Auf Katastrophen sollte man vorbereitet sein. Das hat unter anderem die Corona-Krise gezeigt. Eine andere denkbare Katastrophe könnte nuklearer Art sein. Warum auch immer die Umwelt radioaktiv verseucht sein könnte – was sich an Gegenmaßnahmen ergreifen lässt, sollte rasch verfügbar sein. Aus diesem Grund sind jetzt alle Kommunen mit Jodtabletten in genügender Anzahl versorgt worden: um zu verhindern, dass erhöhte Strahlungswerte zu einem Anstieg von Kehlkopfkrebserkrankungen führen.
Das Prinzip ist recht einfach: Eine Nuklearkatastrophe würde radioaktives Jod freisetzen.
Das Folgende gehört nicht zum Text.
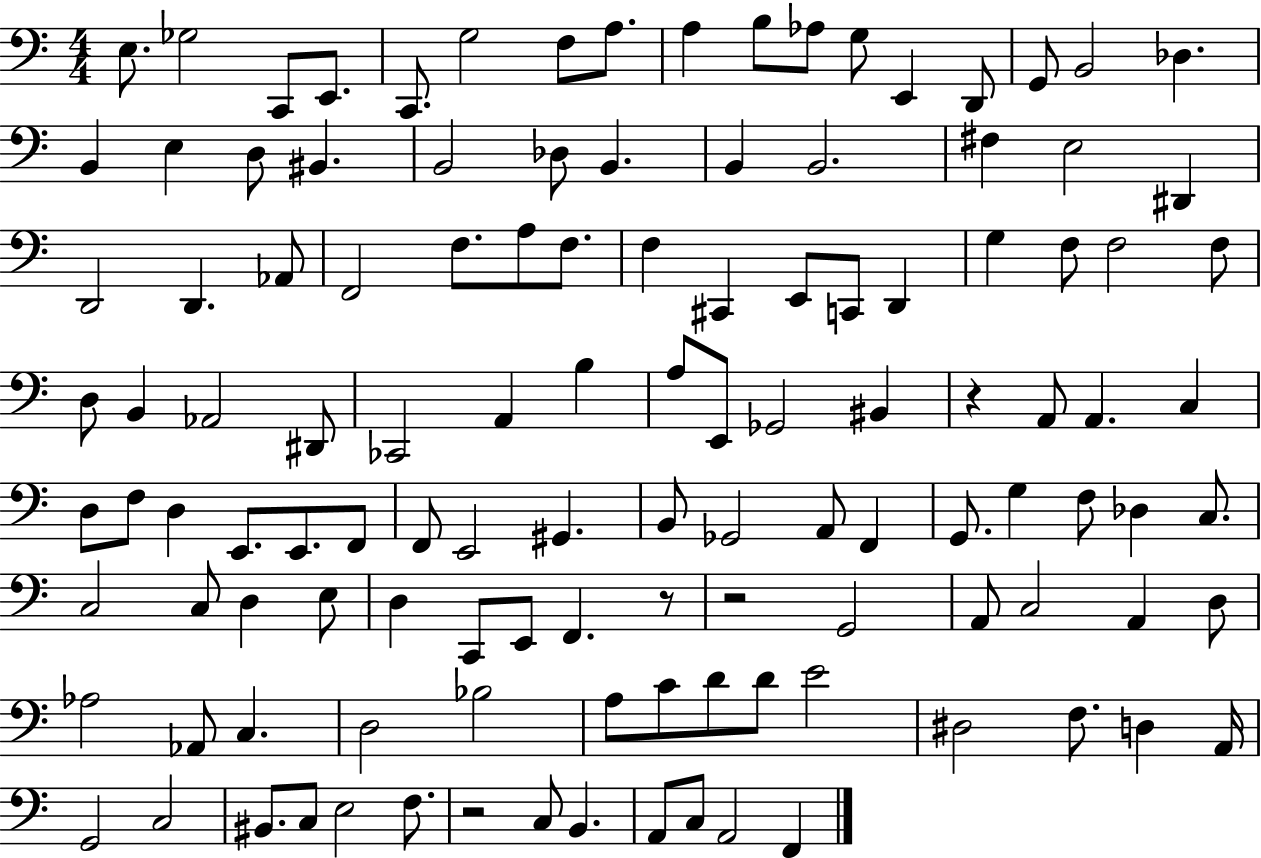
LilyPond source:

{
  \clef bass
  \numericTimeSignature
  \time 4/4
  \key c \major
  e8. ges2 c,8 e,8. | c,8. g2 f8 a8. | a4 b8 aes8 g8 e,4 d,8 | g,8 b,2 des4. | \break b,4 e4 d8 bis,4. | b,2 des8 b,4. | b,4 b,2. | fis4 e2 dis,4 | \break d,2 d,4. aes,8 | f,2 f8. a8 f8. | f4 cis,4 e,8 c,8 d,4 | g4 f8 f2 f8 | \break d8 b,4 aes,2 dis,8 | ces,2 a,4 b4 | a8 e,8 ges,2 bis,4 | r4 a,8 a,4. c4 | \break d8 f8 d4 e,8. e,8. f,8 | f,8 e,2 gis,4. | b,8 ges,2 a,8 f,4 | g,8. g4 f8 des4 c8. | \break c2 c8 d4 e8 | d4 c,8 e,8 f,4. r8 | r2 g,2 | a,8 c2 a,4 d8 | \break aes2 aes,8 c4. | d2 bes2 | a8 c'8 d'8 d'8 e'2 | dis2 f8. d4 a,16 | \break g,2 c2 | bis,8. c8 e2 f8. | r2 c8 b,4. | a,8 c8 a,2 f,4 | \break \bar "|."
}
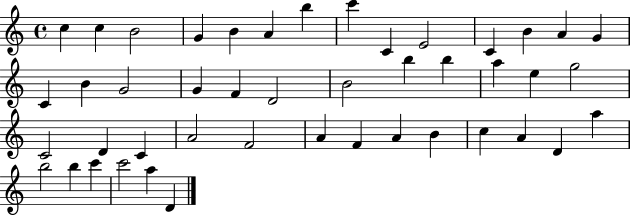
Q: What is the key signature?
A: C major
Dieses strahlenbelastete Jod wiederum könnte sich in Schilddrüsen
festsetzen. Die Folge davon kann Kehlkopfkrebs sein. Nun gibt es aber eine Art Sättigung mit Jod. Wer also „den Kropf voll hat“, dem kann vorerst nichts mehr passieren. Ist der Körper also mit genügend Jod versorgt, kann er kein weiteres mehr aufnehmen, also auch kein radioaktives. Der Fachbegriff dafür heißt „Jodblockade“ oder „Schilddrüsenblockade“ – wie unter anderem auf der Homepage des zuständigen Bundesministeriums zu lesen, des Ministeriums für Umwelt, Naturschutz, nukleare Sicherheit und Verbraucherschutz.
Weiter heißt es dort: „Bis zu einer Entfernung von ungefähr 100 Kilometern im Umkreis eines Kernkraftwerkes ist die Verteilung von Jodtabletten an Personen bis 45 Jahren, darüber hinaus für das gesamte Bundesgebiet an Schwangere sowie Kinder und Jugendliche vorbereitet.“ Der Landkreis Esslingen liegt in einer solchen Zone rund um das Kernkraftwerk Neckarwestheim. Unabhängig von dessen Laufzeit – die spätestens im Dezember enden soll – sind also auch in genügend Jodtabletten vorrätig zu halten.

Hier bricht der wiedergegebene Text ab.